Blair's research skills were tried to the fullest as she found every document she could about Taylour's life - obituaries, deeds and mortgages, directory entries, burial records.

While it was difficult to find Diana Taylour, Diana Taylor was somewhat easier - he lived with a brother in north Toronto in the 1930s and ran an antiques store. Could it be the same woman?

She gave her full name as Katherine Diana May Taylour, occasionally adding in Headfort as another middle name. A letter from young Diana in 1919 originated at the address of the Stone family in London, England. In the 1901 census, the Stone family included a servant, Kate Taylor aged 44. Could there be a connection?

Blair found no Weyburn in Hertfordshire, but she did locate Weybourne in Norfolk, England. The Toronto directories of the 1930s showed Diana Taylor living with Benjamin; the 1901 English census had a Benjamin Taylor living in Weybourne.

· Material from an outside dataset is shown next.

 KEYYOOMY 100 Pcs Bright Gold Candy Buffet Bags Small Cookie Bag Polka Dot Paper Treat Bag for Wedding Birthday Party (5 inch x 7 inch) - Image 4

In 1891 this Benjamin had a wife Kate Taylor and a daughter, also Kate, born in Weybourne.

And that is where Blair stands now, poised to find little Kate Taylor's birth certificate in Weybourne in 1890. She expects it to say Katherine Diana and to have established the true identity of Lady Diana Taylour of Oakville.

Adding the U to Taylor made it sound more aristocratic. Much of the rest of Diana's story as she told it is romantic and exciting - lords, dashing war service, fancy education. It was the dream world of girls growing up in England at the end of the last century.

When she came to Canada, Diana decided to live her dream. For Blair, it was an exciting research experience, which adds a little to the history of Oakville. For a genealogist, finding the truth behind a legend is a great opportunity to spread your wings and really fly. Blair is soaring.